Le décor est le nord de l’Espagne, la côte galicienne. Le petit village de Noitia, au bord de la mer, avec sa grande plage en forme de demi-lune, ses pêcheurs. Le nouveau roman de Manuel Rivas raconte d’abord une enfance au temps où Cassius Clay se faisait appeler Mohamed Ali et refusait de participer à la guerre du Vietnam.
Victor Rumbo, dit Brinco, est le fils du gérant de l’Ultramar, lieu phare de Noitia, tout à la fois auberge, bar, épicerie et cave. Brinco est ami avec Fins Malpica dont le marin de père fait le Christ le jour de la Passion. Le tandem est toujours avec la fougueuse Léda Hortas qu’on dit plus jolie quand elle se tait.

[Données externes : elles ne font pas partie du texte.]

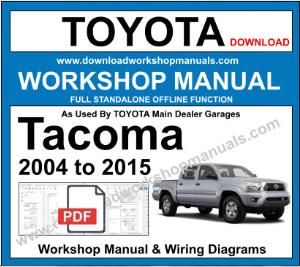 Toyota Tacoma Workshop Repair Manual 2004 to 2015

Les jeunes gens jouent au football avec Chelin, qui tient les buts et clame qu’il n’est "pas un pédé". Ils épient aussi les ébats amoureux de touristes qu’ils prennent pour des hippies. Et se tiennent à l’affût des naufrages, prêts à ramasser les oranges ou les cadavres en bois que la mer rejette.
Ici, impossible de rater Mariscal, le patron de la conserverie qui leur recommande de ne pas confondre "rêve et réalité". Il porte costume blanc et panama, se déplace dans une Mercedes-Benz blanche. Son histoire, murmure-t-on, est pleine de "grandes zones d’ombres". C’est à plus haute voix, en revanche, que le barman de l’Ultramar parle de Jennifer Jones et de Joan Crawford avec le sergent Montes ! Les années vont passer, Noitia et ses habitants changer. L’auteur de L’éclat dans l’abîme : mémoires d’un autodafé (Gallimard 2008, repris en Folio) nous transporte une fois encore avec sa force poétique. Sa manière de montrer un monde qui bascule, l’évolution d’êtres marqués par la terre qui les a vus naître. Al. F.